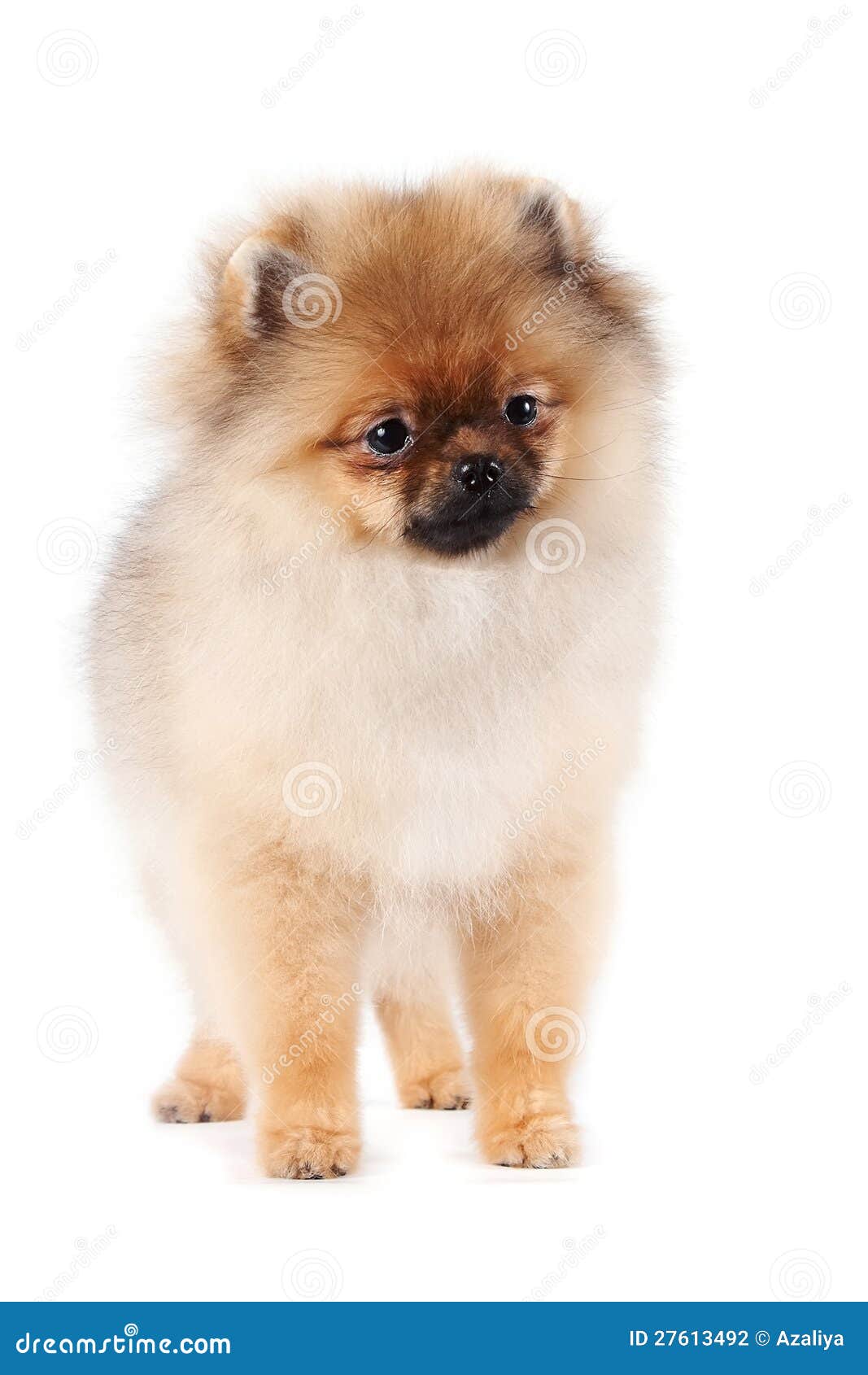 Cucciolo di un spitz-cane su un fondo bianco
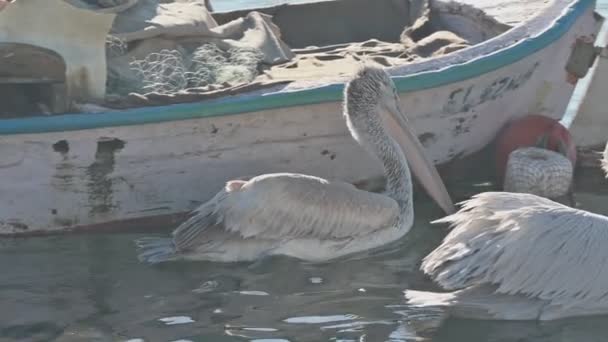 Симпатичные Пеликаны Плавают Между Лодками — стоковое видео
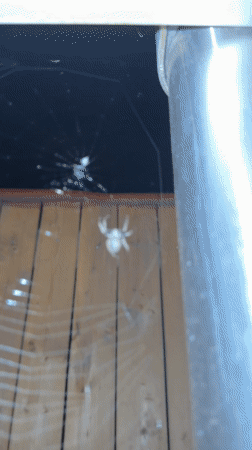Spider observed in web near pipe in Luxembourg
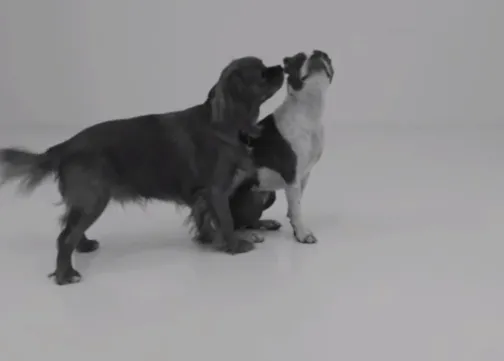 Un vídeo de besos... perrunos: la (mejor) parodia de 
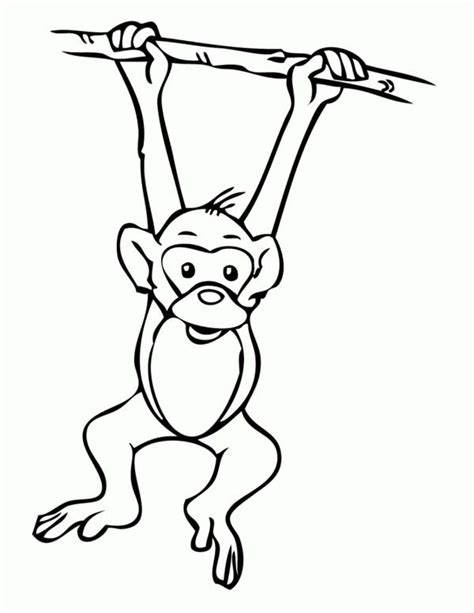 Get hold of these coloring sheets that are full of pictures and involve your kid in painting them. Realistic Monkey Coloring Pages at GetColorings.com | Free ...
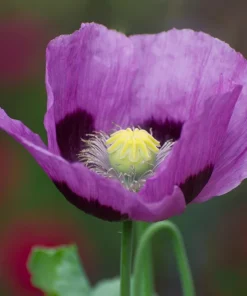 500 Organic Turkish Blue Poppy Seeds – Heirloom Papaver Purple to Red Flower Seeds - Image 5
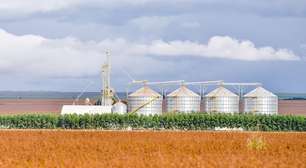 Brasil Pode se Inspirar na Nova Zelândia para Comunicar o Agronegócio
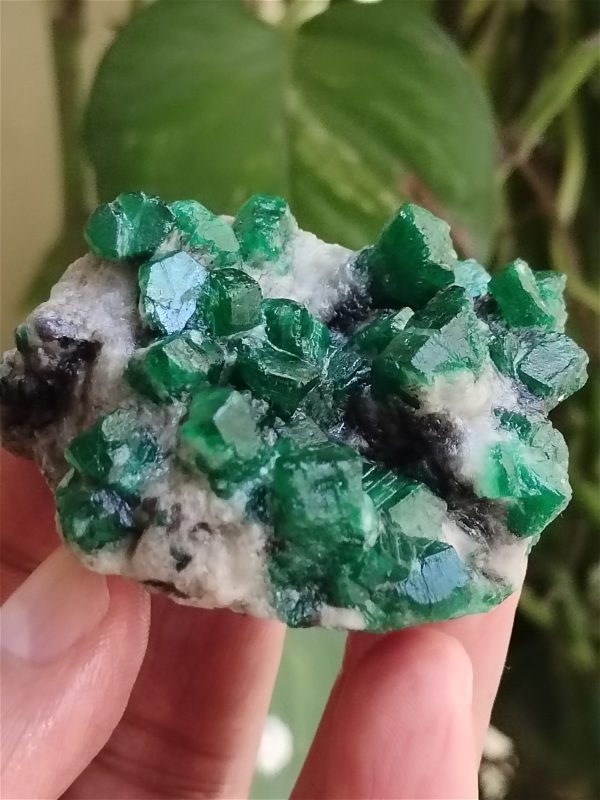 Specimens of Emerald - Image 7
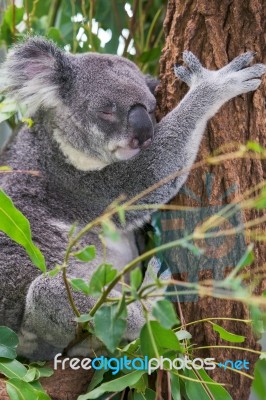 Koala By Itself In A Tree Stock Photo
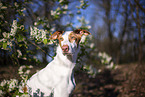 four year old Podenco Ibicenco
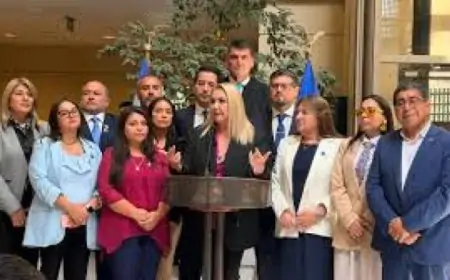 El partido de Parisi se consolida como bisagra: PDG asegura devolución de IVA a medicamentos y pañales a cambio de apoyar reconstrucción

######

EXERCISE OBJECTIVE> What you return must match the records letter for letter, except that the pictures stay out.

RESPONSE AREA>
 Cucciolo di un spitz-cane su un fondo bianco
 Симпатичные Пеликаны Плавают Между Лодками — стоковое видео
Spider observed in web near pipe in Luxembourg
 Un vídeo de besos... perrunos: la (mejor) parodia de 
 Get hold of these coloring sheets that are full of pictures and involve your kid in painting them. Realistic Monkey Coloring Pages at GetColorings.com | Free ...
 500 Organic Turkish Blue Poppy Seeds – Heirloom Papaver Purple to Red Flower Seeds - Image 5
 Brasil Pode se Inspirar na Nova Zelândia para Comunicar o Agronegócio
 Specimens of Emerald - Image 7
 Koala By Itself In A Tree Stock Photo
 four year old Podenco Ibicenco
 El partido de Parisi se consolida como bisagra: PDG asegura devolución de IVA a medicamentos y pañales a cambio de apoyar reconstrucción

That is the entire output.